▶ [YOUR INSTRUCTIONS]: Return the data below in full and exactly, except that the pictures are dropped.

[Scraped caption text data]

○ ○ ○ ○ ○ ○ ○

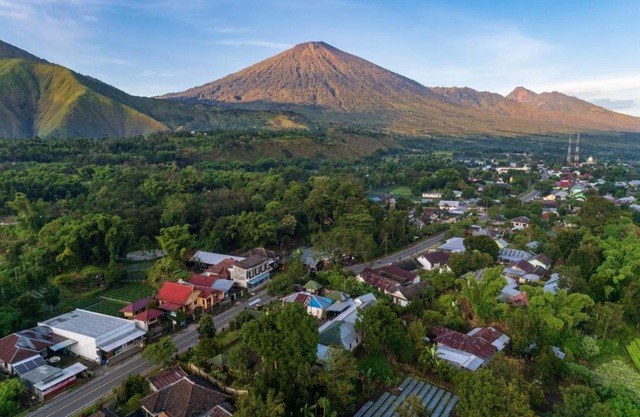 Tresno Sembalun Rinjani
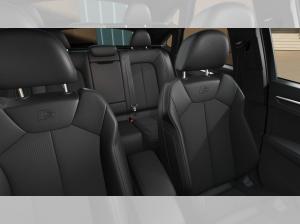Audi Q3 Sportback 35 TFSI S line AHK Pano 2xKlima ACC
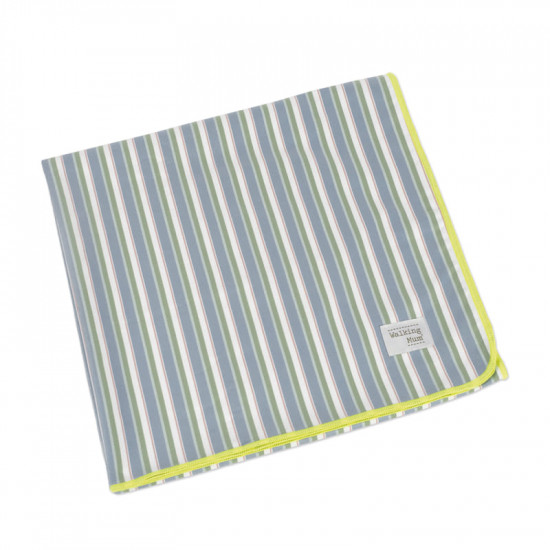 Toalla Playa Microfibra Summer Strips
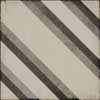 Daltile Quartetto Piazza 8x8 Cool Piazza Swatch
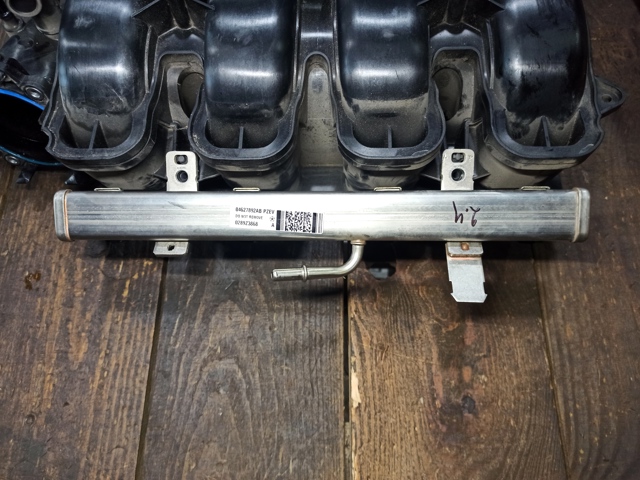 Розподільник палива 4627892AB CHRYSLER
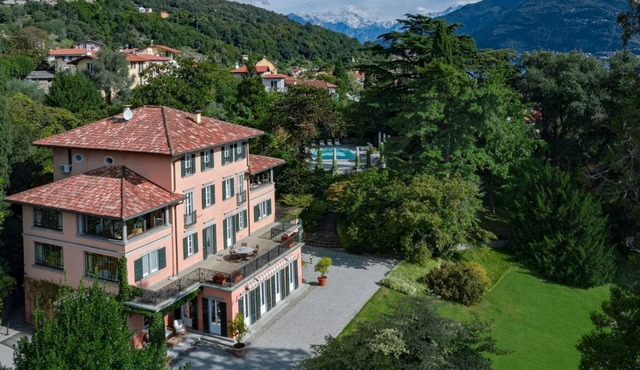 Villa Molvedo - Ten Bedroom Villa, Sleeps 20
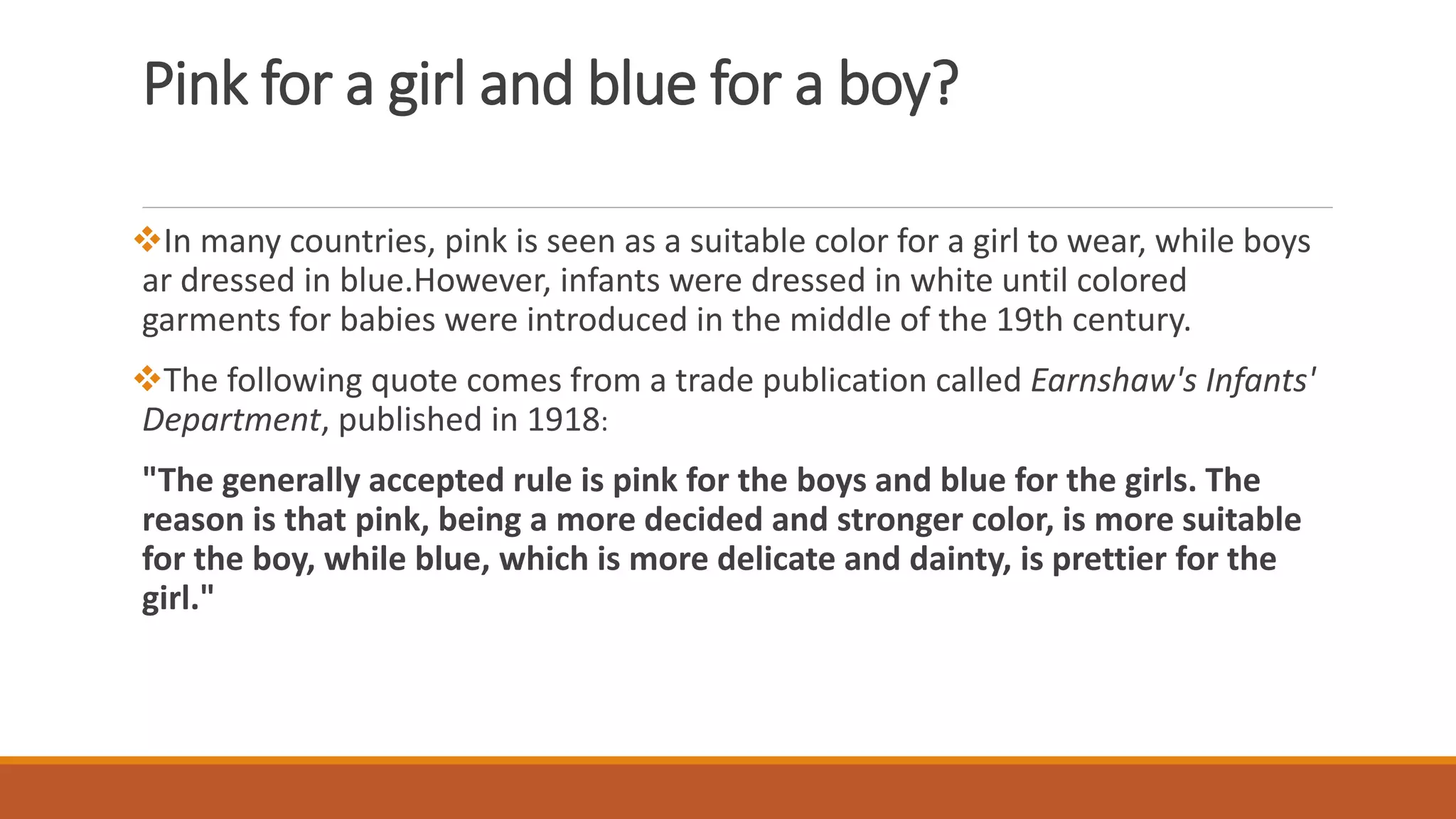 GENDER ROLES IN SOCIETY | PPTX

○ ○ ○ ○ ○ ○ ○

▶ [TASK ANSWER]:
 Tresno Sembalun Rinjani
Audi Q3 Sportback 35 TFSI S line AHK Pano 2xKlima ACC
 Toalla Playa Microfibra Summer Strips
 Daltile Quartetto Piazza 8x8 Cool Piazza Swatch
 Розподільник палива 4627892AB CHRYSLER
 Villa Molvedo - Ten Bedroom Villa, Sleeps 20
 GENDER ROLES IN SOCIETY | PPTX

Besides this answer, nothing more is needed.